What we need is a new kind of voter education project, one that concentrates on the fiduciary responsibility of endowments, specifically their proxy-voting authority and their capacity for constructive engagement with public corporations. The goals of this endowment voter education project should be to increase positive acceptance of and action regarding responsible equity ownership. The objectives should be twofold: raise awareness and acceptance of the idea of responsible equity ownership, as well as activism and advocacy regarding its use as a tool to promote sustainable prosperity and well-being. Using a combination of incentives and sanctions (such as state regulatory power and IRS supplemental filings), a project on responsible equity ownership can work with endowments (including boards, treasurers, staff, and donors), intermediaries (financial, legal, policy making, and others), regulators (both formal, such as state and federal, and informal, such as those issuing voluntary standards for compliance), the sector (including national and regional professional associations, research and educational institutions, and so forth), and the media to build knowledge and competence regarding the new fiduciary obligation.
The intended result: a paradigm shift concerning fiduciary duty, affecting both endowments as responsible equity owners, and publicly traded corporations as engines of growth.

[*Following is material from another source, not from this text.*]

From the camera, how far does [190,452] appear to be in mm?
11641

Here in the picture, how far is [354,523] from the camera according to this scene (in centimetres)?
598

Within this current climate and amid calls for more thoughtful and engaged shareholder activism, the time has come to set a responsible equity ownership agenda that reaffirms the fiduciary ethic of duty, loyalty, and care, within the context of our representative form of self-governance and accountability to the public interest. Rather than sitting there passively, endowments should get busy and behave as shareholder citizens. Before state regulators ask them to do so, they should seize the moment to take back the power they already have, learn how to use it well, and give fresh meaning to the idea of wise statecraft.